A man the Canadian Broadcasting Corporation identified as David–a pseudonym–is saving $91 every month on his car insurance.

No, he didn’t switch to Geico. All it took was for David to identify as a woman on government forms.

“I have taken advantage of a loophole,” said David, who reportedly is in his early 20s and lives in Alberta, Canada.  

It started when David, who had been in one collision and had a couple of tickets on his record, bought a new Chevy and was facing an annual premium of $4,500. He asked what it would cost if he was a woman. David was told $3,400 — a difference of $1,100.

This made David angry. He requested that the bureaucrat change his gender on the form. He was told she couldn’t do that. He needed a note from his doctor. So David went to his doctor and got a note saying he identifies as a woman (even though he still considers himself a man). 

“It was pretty simple,” he said. “I just basically asked for it and told them that I identify as a woman, or I’d like to identify as a woman, and he wrote me the letter I wanted.”

David’s story is important for several reasons. Modern society functions on an untold number of assumptions and distinctions we make about groups of people. For example, as the CBC story makes clear, men pay more in insurance because they are deemed a higher risk to cover.

Does someone who was born male become less of a risk simply because the person chooses to identify as a female? Most people, I suspect, would say no. And this would be the case even if the man truly identified as a woman (unlike David, who is lying to save money).  

Michelle Cretella, a medical doctor who is president of the American College of Pediatricians, recently noted in an article published by Intellectual Takeout that there are some 6,500 genetic differences between women and men. Those genetic differences exist whether one chooses to accept them or not.

Plato once said truth is the mind conforming to reality. While a certain amount of skepticism is in order for policies that would seek to enforce truth—or lawmakers’ perception of it—upon people, David’s experience raises a legitimate question: How far are governments willing to go to placate individuals who choose to defy their own physiology?

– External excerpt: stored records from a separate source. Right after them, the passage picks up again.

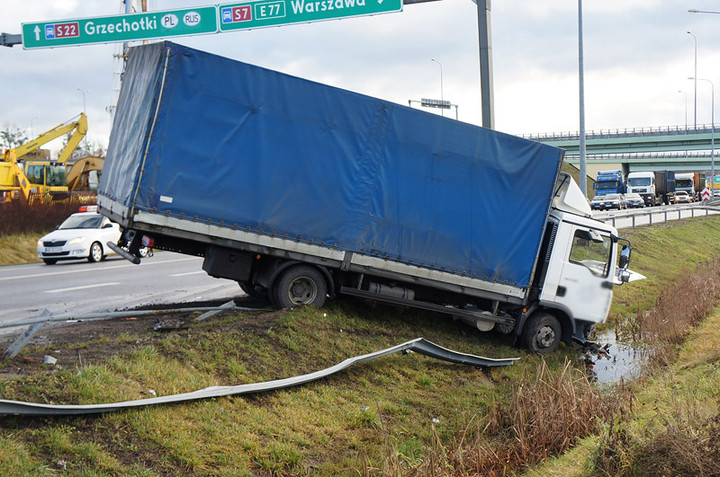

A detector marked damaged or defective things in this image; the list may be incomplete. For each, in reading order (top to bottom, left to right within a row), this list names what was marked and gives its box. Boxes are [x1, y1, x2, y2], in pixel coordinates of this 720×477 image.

broken guardrail piece [0, 336, 516, 414] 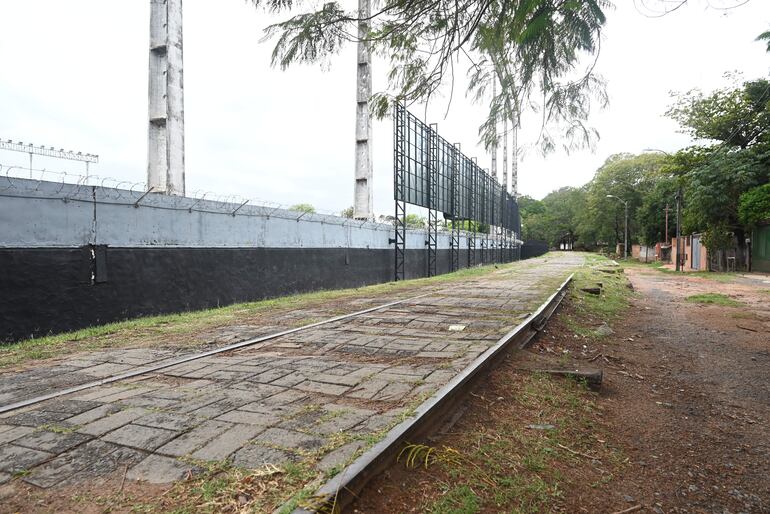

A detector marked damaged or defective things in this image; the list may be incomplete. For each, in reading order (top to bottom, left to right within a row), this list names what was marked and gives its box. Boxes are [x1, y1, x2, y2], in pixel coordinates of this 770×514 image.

cracked concrete edge [284, 270, 572, 510] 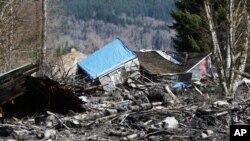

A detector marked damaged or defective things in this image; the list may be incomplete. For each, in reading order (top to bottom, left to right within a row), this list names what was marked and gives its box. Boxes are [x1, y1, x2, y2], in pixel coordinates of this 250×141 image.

broken timber [0, 63, 38, 116]
damaged structure [78, 38, 140, 91]
damaged structure [137, 50, 211, 81]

Does merely choosing to identify as a woman or a black person or a white person mean that the state should recognize that individual’s choice, despite their physical features and genetic code? Can the state justifiably say that teenage boys don’t have the legal right to compete on the girls dance team? Can the state justifiably say that individuals have the right to identify as whatever they choose, but the state has no obligation to affirm identities that do not conform to reality?

The fact that intelligent, reasonable people would in good faith answer these questions quite differently exposes the great weakness of our civilization: Our grip on truth and reality, ever tenuous for humans, is slipping. The philosophies of the Christian, Enlightenment, and Postmodern ages are colliding. Our world is making less and less sense.

Can a civilization endure and thrive in such a schizophrenic state? I’m not sure.